Some key congressional Democrats are skeptical about the motivations behind a bill, introduced last Friday by Sen. William V. Roth (R-Del.), that would permit thousands of federal workers to take early retirement between July and December this year.

Roth's surprise "early out" plan would temporarily suspend age and service requirements and allow many more workers, some in their early forties, to retire before they had planned.

"On the face of it, the Roth bill looks great," a House Democratic staffer said yesterday. But he said members of the House Post Office-Civil Service Committee "wonder about the motive" behind the Roth bill.

"Is this part of a plan to get workers to retire so the administration can further politicize the civil service?" he asked.

"If Bill Ford the committee's Democratic chairman or Maryland Democrats Steny Hoyer, Mike Barnes or Barbara Mikulski introduced it," he said, the House committee would have no problem with it.

"But concern has been expressed that Roth . . . who works closely with the administration, may have something else in mind," the staffer said.

Aides to Roth say the senator conceived the idea for the legislation himself months ago.

Pensions of new retirees who took advantage of the proposed provisions would be trimmed 2 percent for each year the workers were under age 55.

Under current rules, 200,000 workers, including 44,000 in this area, are eligible to retire.
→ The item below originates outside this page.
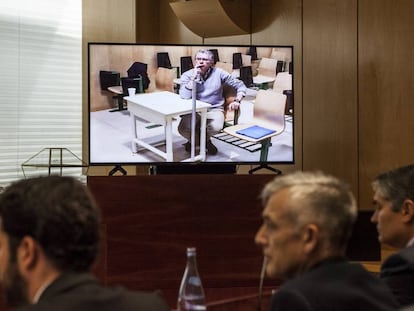 Francisco Granados compareció ayer por videoconferencia, desde la prisión de Estremera, ante la Asamblea de Madrid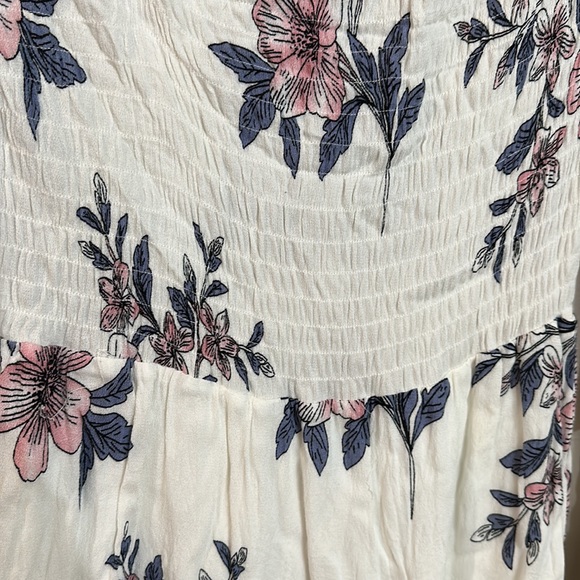 Whimsical Floral Dress - Picture 3 of 3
The Roth bill would double the number.

The earliest most civil servants can now retire is at age 55, after 30 years service. Roth's bill would allow retirement at any age after 25 years service, at age 50 with 20 years service, 55 after 15 years or age 57 after five years.

The bill stands a good chance of getting through the Republican-controlled Senate because Roth runs the Governmental Affairs Committee. But the House, with its Democratic majority, as well as the president would also have to go along before it became law.

Roth says the early retirements would trim millions from the U.S. payroll and protect younger workers whose jobs might be trimmed in the next few years because of budget cuts.

Asked about Roth's legislation, a federal lobbyist said: "This is a tough one, because our members clearly like the bill . . . . But we get a little nervous when it comes from the administration."

Office of Personnel Management officials say they haven't studied Roth's plan in detail. That agency has five early retirement proposals of its own under review. "Roth's now makes six," an OPM spokesman said yesterday. People

Bob Honig, director of the Federal Government Service Task Force, is back on the job. For several months he and his wife, lawyer Rande Joiner, were touring and filming in India and Sri Lanka.

Bob Williams, postal expert for The Federal Times, will move over to cover postal affairs for the Federal Employees News Digest. The Digest is edited by former Washington Star federal columnist Joseph Young and ex-Federal Timesman Don Mace. The plan is to begin a new weekly newsletter aimed at postal workers sometime this summer.

Ken Blaylock, president of the American Federation of Government Employees, will be on ABC's "Good Morning America" program tomorrow to talk about drug tests for federal workers.